I’ve been reading a lot of negative articles on Groupon, and I want to offer a different perspective. I’m not trying to play devil’s advocate, and I am not affiliated with Groupon in any way.

Many merchants have a negative experience with Groupon. It usually goes something like this: Groupon sends a lot of people their way and they are unprepared for it. Groupon customers are cheap rarely pay more than the deal value. Groupon customers aren’t repeat customers.

From what I understand Groupon does give you an idea of when to expect the flood gates. I mean, the merchant has to say yes to the deal and then the Groupon must be sent out and people must buy. To me, getting on Groupon is something like getting on Oprah, or to some people TechCrunch, Mashable, Digg, or Slashdot. If your website isn’t prepared for it, massive traffic sent from Slashdot can take down a website – called slashdotted. The difference is unlike a website that can get featured any second without any notice to the website owner, the Groupon merchant does have a heads up. Just like it’s not TechCrunch’s responsibility to make sure your website can handle the load, it’s not Groupon’s job either. Theirs is to feature the merchant and drive eyeballs and foot traffic.

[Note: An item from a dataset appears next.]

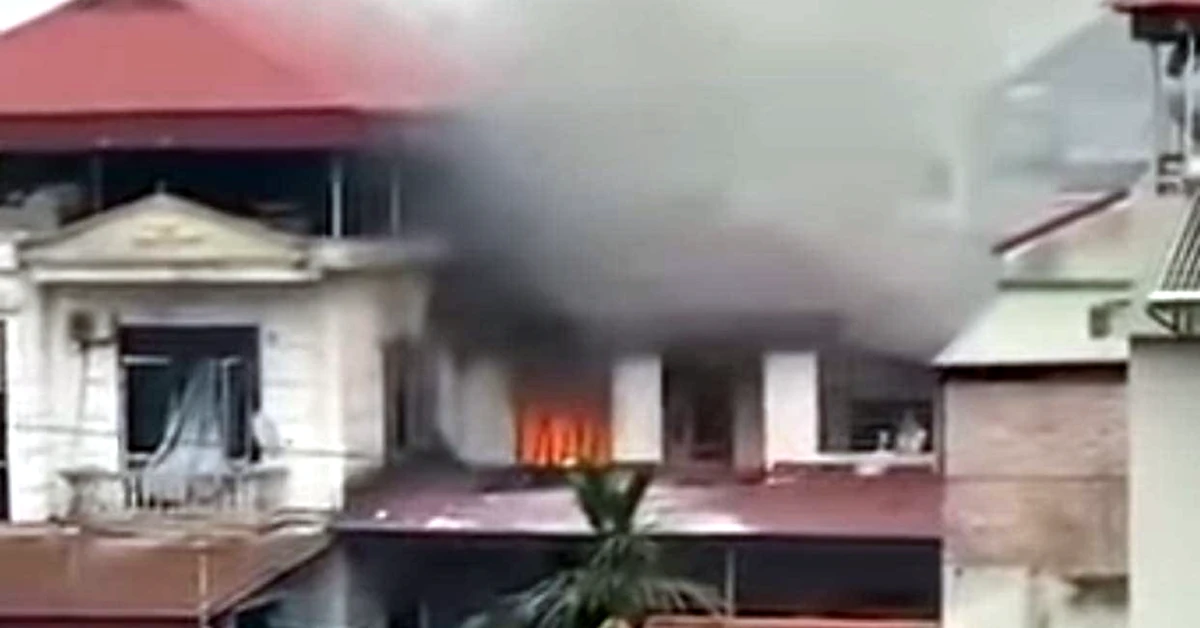 Nam thanh niên tử vong nghi chế pháo trên tầng 2 trong nhà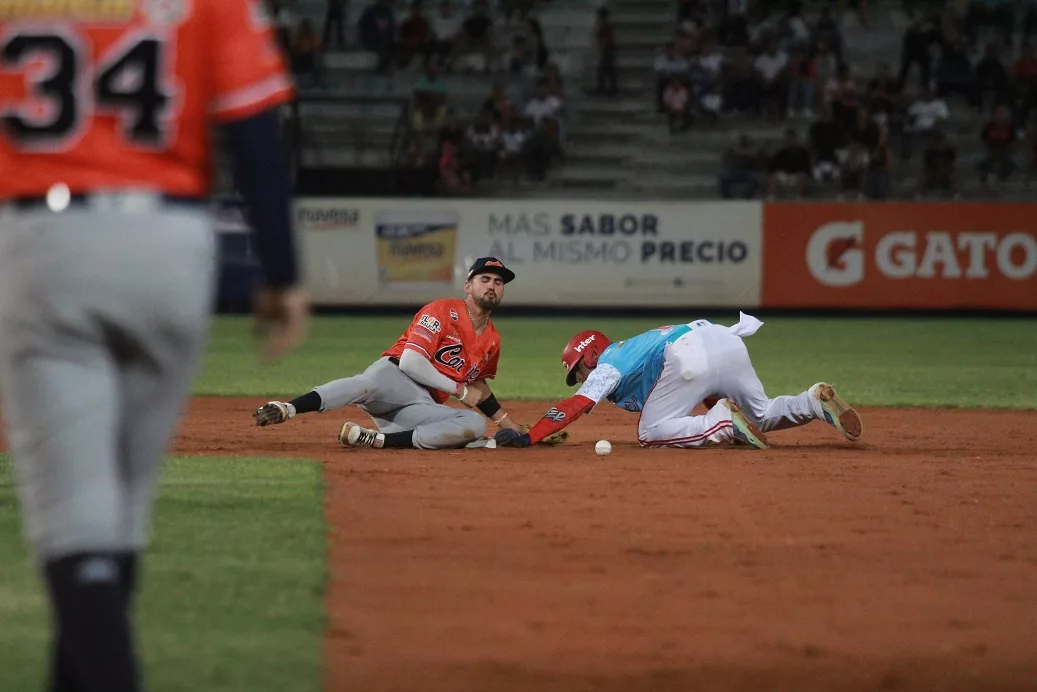 Cardenales Caribes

The second common complaint I hear is that Groupon customers are cheap. As an occasional Groupon user myself, I always make it a point to tip on the full value. I’ve worked in the food service business and realize how little these people make. To friends who don’t know how Groupons work, I always try to explain to them the Groupon business model and how basically the merchant’s taking a huge hit to give them this great deal. However I am sure that there are Groupon clippers out there who are bargain hunters. I think it’s the merchants’ job here to upsell as much as possible to offset that. One example business that does a good job of doing just that was featured on Hacker News.

Lastly, the other common problem I hear is that Groupon users aren’t really repeat visitors. Related to that I also hear that sometimes people with Groupons are offered a different menu or a different level of service (usually lower). I am not sure how this would encourage anyone, Groupon or not, to want to come back. If I am offered a lower quality menu or lower quality service than the customer next to me, coupon or not, I am not coming back. The merchant must understand that it’s their responsibility to offer an amazing experience to create a customer out of that visitor. The Groupon user – I would not consider a customer – just a lead. In web terms, that’s basically a high bounce rate. They come and they leave. To me, as a web guy, it’s not too dissimilar from buying web traffic. I can buy a lot of Google adwords or Facebook ads and generate a lot of traffic to my site, but if my product sucks, nobody’s going buy or come back. It’s solely up to me to create a compelling product that users want to buy or create a website that users want to come back to. Getting all the foot traffic from daily deals can work for these merchants, if they are prepared to engage these customers and make an effort to get them added to their mailing lists to get them back in the door.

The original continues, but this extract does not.